I used to think pricey interconnects were snake oil...


But recently I had a chance to test my old free cables vs Audioquest Red River and then Mackenzie. The difference was subtle, but definitely there with each upgrade.

I guess reluctantly I am a believer now.

saulh

Showing 6 responses by ghdprentice

Once you have a compatible set of components that sound great together, speaker wire, interconnects and powercords can make a very significant improvement in sound quality. The better your system, in general, the bigger the improvement you are likely to experience. But also, experience developing listening skills will reveal aspects to sound quality you will unlikely have even noticed when you started out.

 

One truth that has shown itself to me over and over again is that there are lots of good sounding systems, but all the truly great sounding systems have been meticulously tweaked through wires, vibration control, and room treatments in order to get their sound.

 

While the is no real wrong way.
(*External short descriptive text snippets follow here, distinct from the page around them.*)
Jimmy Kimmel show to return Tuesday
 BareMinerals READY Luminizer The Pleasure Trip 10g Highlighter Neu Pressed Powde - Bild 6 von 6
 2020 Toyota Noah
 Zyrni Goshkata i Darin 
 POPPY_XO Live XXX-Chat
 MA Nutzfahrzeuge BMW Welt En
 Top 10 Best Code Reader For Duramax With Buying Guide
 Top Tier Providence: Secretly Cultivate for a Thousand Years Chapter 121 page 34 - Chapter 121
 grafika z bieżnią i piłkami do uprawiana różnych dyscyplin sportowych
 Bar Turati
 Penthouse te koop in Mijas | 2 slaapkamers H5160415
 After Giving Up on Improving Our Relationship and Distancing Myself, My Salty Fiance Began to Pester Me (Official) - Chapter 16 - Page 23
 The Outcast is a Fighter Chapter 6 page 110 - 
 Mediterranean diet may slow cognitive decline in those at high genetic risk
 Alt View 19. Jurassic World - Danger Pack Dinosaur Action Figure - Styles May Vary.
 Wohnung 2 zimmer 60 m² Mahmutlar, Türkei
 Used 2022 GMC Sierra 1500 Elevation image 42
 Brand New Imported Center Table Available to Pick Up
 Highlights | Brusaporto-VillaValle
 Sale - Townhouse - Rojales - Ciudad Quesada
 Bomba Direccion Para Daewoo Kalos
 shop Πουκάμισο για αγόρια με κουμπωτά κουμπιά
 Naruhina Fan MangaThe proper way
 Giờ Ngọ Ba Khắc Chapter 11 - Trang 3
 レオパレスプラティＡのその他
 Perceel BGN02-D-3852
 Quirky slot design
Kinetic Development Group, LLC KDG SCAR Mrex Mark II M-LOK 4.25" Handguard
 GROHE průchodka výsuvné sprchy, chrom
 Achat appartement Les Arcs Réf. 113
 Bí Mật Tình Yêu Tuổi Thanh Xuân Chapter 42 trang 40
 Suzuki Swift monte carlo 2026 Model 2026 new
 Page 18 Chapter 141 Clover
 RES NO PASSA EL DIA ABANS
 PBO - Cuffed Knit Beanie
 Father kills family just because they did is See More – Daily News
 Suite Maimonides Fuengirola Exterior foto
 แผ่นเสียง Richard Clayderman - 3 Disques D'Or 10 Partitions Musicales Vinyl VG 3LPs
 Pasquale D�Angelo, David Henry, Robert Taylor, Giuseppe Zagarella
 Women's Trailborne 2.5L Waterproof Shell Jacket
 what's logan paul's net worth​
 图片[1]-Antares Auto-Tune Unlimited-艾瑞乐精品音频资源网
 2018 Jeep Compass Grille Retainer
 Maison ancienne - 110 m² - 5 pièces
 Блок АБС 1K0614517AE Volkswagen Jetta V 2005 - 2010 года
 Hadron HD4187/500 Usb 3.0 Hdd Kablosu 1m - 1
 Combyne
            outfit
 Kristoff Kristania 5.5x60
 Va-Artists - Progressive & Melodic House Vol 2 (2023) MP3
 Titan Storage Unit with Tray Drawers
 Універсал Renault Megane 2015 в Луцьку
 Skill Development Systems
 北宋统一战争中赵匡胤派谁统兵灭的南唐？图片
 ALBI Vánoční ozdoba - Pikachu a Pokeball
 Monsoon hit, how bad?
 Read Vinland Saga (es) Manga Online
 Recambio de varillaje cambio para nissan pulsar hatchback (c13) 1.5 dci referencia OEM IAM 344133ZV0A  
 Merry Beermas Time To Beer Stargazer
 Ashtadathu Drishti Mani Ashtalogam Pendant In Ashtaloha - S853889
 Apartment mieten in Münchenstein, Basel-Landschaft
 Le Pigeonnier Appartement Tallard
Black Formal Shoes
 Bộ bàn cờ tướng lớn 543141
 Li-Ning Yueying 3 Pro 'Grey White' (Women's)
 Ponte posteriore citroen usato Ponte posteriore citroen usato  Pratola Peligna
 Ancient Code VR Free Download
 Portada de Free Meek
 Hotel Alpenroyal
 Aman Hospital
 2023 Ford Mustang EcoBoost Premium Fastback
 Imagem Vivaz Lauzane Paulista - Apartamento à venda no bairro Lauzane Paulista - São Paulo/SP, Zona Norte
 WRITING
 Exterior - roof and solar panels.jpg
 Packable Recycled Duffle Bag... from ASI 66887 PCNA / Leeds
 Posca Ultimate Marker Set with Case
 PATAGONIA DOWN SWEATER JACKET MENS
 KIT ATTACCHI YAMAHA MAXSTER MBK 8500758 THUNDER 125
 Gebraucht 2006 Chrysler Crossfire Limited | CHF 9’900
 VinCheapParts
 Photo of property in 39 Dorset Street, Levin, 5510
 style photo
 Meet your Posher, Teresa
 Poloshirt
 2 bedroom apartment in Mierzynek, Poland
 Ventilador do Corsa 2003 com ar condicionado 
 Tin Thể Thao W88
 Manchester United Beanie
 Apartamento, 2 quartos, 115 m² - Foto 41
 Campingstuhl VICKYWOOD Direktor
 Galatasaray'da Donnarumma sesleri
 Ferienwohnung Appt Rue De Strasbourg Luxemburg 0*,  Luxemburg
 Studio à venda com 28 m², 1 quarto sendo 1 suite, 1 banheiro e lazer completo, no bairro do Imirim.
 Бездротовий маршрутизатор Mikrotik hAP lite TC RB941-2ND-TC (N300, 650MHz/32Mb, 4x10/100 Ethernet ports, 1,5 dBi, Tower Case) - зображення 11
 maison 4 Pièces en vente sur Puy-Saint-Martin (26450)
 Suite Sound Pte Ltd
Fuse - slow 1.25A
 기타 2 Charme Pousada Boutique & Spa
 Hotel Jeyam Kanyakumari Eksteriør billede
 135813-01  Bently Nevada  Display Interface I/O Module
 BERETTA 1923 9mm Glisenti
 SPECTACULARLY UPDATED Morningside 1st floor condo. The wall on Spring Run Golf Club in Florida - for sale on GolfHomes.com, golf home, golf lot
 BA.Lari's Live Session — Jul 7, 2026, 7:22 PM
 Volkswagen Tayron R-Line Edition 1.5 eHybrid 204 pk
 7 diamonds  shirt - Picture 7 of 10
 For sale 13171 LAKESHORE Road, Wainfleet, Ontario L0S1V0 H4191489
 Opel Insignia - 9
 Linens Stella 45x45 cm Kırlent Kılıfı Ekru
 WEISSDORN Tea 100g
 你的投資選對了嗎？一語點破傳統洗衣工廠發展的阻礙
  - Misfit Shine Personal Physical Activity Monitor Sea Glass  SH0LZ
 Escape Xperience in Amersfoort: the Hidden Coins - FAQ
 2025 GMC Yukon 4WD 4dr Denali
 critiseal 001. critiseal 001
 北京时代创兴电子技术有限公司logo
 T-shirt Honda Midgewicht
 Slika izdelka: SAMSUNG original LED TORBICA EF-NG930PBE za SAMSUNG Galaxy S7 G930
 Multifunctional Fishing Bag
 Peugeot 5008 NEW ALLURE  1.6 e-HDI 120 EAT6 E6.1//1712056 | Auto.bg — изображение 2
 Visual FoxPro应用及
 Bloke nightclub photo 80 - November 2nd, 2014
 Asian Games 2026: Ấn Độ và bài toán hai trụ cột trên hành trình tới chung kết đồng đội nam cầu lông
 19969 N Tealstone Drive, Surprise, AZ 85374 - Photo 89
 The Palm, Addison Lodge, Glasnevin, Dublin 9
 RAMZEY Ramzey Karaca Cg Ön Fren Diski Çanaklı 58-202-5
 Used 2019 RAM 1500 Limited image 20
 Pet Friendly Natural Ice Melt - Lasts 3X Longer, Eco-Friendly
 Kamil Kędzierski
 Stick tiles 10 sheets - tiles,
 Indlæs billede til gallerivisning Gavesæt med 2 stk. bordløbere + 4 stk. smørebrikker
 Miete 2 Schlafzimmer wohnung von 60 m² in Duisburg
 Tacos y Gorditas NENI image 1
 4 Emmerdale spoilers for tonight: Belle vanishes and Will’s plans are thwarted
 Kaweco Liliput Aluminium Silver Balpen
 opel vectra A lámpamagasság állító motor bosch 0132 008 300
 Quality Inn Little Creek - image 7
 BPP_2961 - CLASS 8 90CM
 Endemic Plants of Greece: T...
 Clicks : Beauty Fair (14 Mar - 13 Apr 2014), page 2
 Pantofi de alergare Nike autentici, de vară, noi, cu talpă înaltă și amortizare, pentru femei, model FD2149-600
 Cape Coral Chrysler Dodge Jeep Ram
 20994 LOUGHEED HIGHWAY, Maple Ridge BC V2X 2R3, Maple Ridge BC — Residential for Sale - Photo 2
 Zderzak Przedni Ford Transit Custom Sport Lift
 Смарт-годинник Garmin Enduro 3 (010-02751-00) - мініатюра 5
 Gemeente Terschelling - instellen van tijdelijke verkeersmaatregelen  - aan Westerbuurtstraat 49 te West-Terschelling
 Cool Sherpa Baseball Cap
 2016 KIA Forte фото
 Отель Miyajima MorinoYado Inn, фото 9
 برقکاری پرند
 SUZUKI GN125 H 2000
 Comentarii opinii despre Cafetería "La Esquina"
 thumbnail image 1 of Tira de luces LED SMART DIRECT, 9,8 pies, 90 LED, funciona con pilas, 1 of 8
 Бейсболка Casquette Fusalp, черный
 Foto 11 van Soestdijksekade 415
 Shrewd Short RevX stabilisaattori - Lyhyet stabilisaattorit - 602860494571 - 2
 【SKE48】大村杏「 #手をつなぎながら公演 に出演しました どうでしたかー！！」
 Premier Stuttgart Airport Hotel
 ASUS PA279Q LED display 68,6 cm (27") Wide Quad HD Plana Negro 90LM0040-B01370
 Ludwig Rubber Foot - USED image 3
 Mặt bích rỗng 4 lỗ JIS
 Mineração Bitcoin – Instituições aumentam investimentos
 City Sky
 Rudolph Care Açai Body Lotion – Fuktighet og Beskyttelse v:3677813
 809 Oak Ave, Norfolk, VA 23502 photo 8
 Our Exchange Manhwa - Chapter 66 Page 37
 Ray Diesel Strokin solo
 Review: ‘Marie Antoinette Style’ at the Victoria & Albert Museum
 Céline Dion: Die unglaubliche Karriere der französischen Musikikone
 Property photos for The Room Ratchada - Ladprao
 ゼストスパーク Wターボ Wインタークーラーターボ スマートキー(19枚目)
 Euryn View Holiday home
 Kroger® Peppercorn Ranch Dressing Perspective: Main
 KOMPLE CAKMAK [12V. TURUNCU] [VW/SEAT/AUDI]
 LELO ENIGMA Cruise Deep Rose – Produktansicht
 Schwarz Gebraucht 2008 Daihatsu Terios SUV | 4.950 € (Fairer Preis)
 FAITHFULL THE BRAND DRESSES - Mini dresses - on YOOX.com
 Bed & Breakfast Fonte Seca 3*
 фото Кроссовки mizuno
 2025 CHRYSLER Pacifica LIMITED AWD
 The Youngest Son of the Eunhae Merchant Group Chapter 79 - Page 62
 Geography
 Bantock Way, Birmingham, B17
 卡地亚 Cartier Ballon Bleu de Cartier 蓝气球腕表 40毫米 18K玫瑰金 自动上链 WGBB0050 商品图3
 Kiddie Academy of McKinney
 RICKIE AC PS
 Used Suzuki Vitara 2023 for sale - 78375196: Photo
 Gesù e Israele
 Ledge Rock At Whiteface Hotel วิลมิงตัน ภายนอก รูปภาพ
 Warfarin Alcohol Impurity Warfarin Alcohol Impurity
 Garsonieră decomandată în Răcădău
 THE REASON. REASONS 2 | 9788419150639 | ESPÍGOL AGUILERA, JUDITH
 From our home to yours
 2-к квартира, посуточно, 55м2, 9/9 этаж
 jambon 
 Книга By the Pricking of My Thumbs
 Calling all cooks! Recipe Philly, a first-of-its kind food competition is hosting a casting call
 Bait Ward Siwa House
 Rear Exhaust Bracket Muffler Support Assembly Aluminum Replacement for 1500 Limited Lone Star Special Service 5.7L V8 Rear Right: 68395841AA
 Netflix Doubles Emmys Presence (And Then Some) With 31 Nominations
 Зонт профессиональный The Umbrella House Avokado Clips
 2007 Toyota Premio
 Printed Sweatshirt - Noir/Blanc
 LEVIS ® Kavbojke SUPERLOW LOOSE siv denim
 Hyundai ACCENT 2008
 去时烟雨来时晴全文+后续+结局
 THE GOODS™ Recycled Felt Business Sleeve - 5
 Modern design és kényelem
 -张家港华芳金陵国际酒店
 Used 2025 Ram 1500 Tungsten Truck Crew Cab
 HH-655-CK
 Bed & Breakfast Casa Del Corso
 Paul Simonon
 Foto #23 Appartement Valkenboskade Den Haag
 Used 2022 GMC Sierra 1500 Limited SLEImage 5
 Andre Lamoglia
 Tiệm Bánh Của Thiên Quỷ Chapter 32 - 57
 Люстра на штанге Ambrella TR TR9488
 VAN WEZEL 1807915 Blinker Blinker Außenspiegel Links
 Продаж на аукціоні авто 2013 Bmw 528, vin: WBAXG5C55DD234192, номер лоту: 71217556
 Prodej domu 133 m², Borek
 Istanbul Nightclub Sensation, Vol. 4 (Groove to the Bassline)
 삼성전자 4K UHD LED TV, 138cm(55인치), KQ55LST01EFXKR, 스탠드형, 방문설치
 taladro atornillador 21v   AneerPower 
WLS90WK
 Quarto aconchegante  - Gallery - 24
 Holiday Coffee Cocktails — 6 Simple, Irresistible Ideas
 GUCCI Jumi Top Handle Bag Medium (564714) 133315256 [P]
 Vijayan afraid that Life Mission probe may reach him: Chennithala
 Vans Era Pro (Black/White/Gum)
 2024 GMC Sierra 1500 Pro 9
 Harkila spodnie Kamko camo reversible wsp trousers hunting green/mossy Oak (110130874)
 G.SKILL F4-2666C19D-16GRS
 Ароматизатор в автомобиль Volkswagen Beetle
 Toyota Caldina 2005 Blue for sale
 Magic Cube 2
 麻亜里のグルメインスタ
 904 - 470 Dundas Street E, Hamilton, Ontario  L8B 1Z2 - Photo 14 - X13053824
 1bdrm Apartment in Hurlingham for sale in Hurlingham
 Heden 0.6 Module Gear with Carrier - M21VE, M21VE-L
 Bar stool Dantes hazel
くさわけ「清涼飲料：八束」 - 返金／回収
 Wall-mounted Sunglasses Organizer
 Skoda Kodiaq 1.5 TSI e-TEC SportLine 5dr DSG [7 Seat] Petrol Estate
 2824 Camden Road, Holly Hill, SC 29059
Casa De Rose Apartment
Most of us do components, wires, then room treatments. 

One of my early jaw dropping experiences in audio were with digital cables. I had already learned how important they were to optimize the analog components. Around 1990 I had a two box CD player. I happily thought, finally a cable that will not matter, it’s digital. But I am a scientist and it comes out, I wanted to prove to myself it didn’t matter. So I borrowed a decent quality digital interconnect. I remember the feeling of complete embarrassment as the first few notes were played… it sounded like someone had come in and upgraded both component boxes with much higher level ones. I was just speechless. Also, what a screaming deal it was… while expensive… nothing like it would have cost to upgrade the player and DAC. 
 

Some components are highly dependent, some less so. Good quality equipment require carefully chosen interconnects to get the best out of them 

@roadcykler “…things people believe… You can’t prove things with facts or objectivity so you have to have faith.“

 

I believe Audiophilia is more like a science, careful and systematic observation reveals important nuanced real world changes in sound quality produced by different components, and venues. Very little is taken on faith. It is not that science cannot explain these things, it is that there are so many variable… hundreds operating at once that science is not a useful way to a simply explain performance.

 

Consider five components, each made up with hundreds of parts with different materials, connected by wires with dozens if different variables, gauge, material, dielectric. This is not a situation that lends itself to say some five variables will explain the output, sound… and even if it did, the sound you get out highly depends on the speaker and room acoustics. I was a practicing scientist for over ten years… anything more than a few variables and simple prediction models become difficult… hundreds, useless. Look at the horsepower thrown at weather prediction. We don’t have supercomputers and dozens of measurement devices at labs developing electronics and in our homes to work out what effect a new preamp might have.

 

If that is not complicated enough, then you have folks with different listening skills and values in what they want to hear.

 

Then there is music… it is not a single test tone… but dozens of different tones… all varying in loudness and frequency over time and with harmonics effecting the sound in higher and lower frequencies.

 

Instead of all that, electronic designers listen to different designs and components to tune their products to perform a certain way. Audiophiles develop listening skills, developed and use a common terminology to describe sound quality in musical reproduction (see Robert Harley’s book, The Complete Guide to High End Audio), and we have professional reviewers review the sound of components and audiophiles on forums try to communicate general attributes of different components and how they might operate in each others systems.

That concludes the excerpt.